And why are those BugBears doing carrying around wads of cash?

Berserker's avatar

Probably they encountered some party that didn’t have high enough levels.
I denno, when I used to play those kinds of games, I used to like making up scenarios for all the illogical stuff, and I had fun doing it.

CherrySempai's avatar

I definitely prefer when the games don’t use automatically recharging health. It used to get scarier and scarier as you lose health and need to make sure you stay safe and find more health.

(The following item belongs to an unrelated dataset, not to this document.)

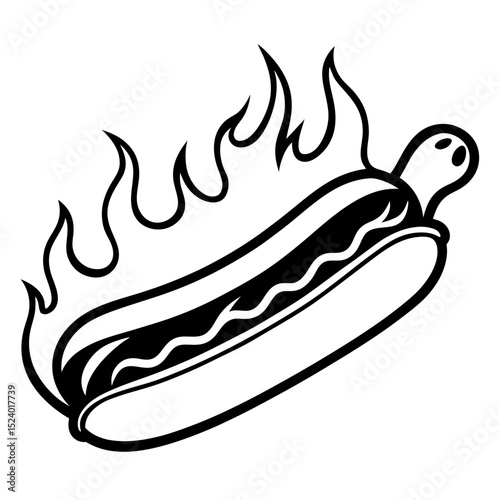 Blazing Hot Dog Vector Art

However, I play Warcraft III, not first person shooter, so the health thing goes both ways. Health regenerates extremely slowly for all of my units (changes depending on time of day/ground for some races), but there’s always ways to get health (from shops, certain structures, or hero ability.) This is a very different topic between RTS and FPS, but I can definitely see where you’d be annoyed. :] If I was chasing a unit and all they had to do was hide behind a bush for a few seconds to regain health, I wouldn’t be playing this game.

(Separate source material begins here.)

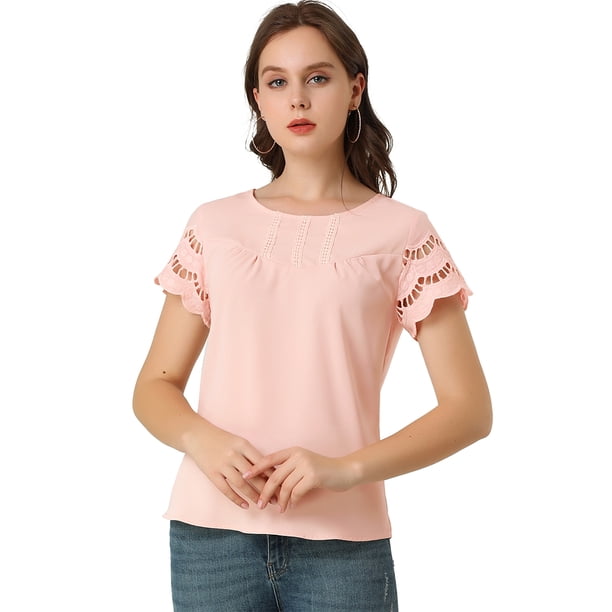 INSPIRE CHIC Blusa De Encaje De Crochet Manga Corta Sólida Para Mujer Rosa M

What bothers me, though, is how losing health doesn’t effect the unit’s speed, fighting ability, or accuracy. You’d think if you had 10/4500 health, you’d be moving at a slower pace or at least panting a little. If I get a hero down to 6 health, the fact that he was made faster than me shouldn’t just let him get away on foot. I worked hard to do that, and he just frolics off like he wasn’t even scratched. Grr. <.<

jerv's avatar

@bobloblaw I have seen it implemented in different ways and with varying levels of success. I think my favorite implementation of automatically regaining health is Mercenaries 2:World in Flames since the rate of regeneration and the delay before it kicks in are such that it doesn’t feel cheesy the way others do. If you go into the middle of a raging firefight, you will probably die since the only way to regain health in combat is to use items; you really can’t hide long enough to regain any meaningful amount of health, However, if you win or escape totally (which generally requires a vehicle for enough speed to get away and to soak a few hits for you while you get out of range) then you are back at full health in a minute or so. In other words, you can’t cheese your way through a gun battle, but you don’t have to waste time or items to continue with the story.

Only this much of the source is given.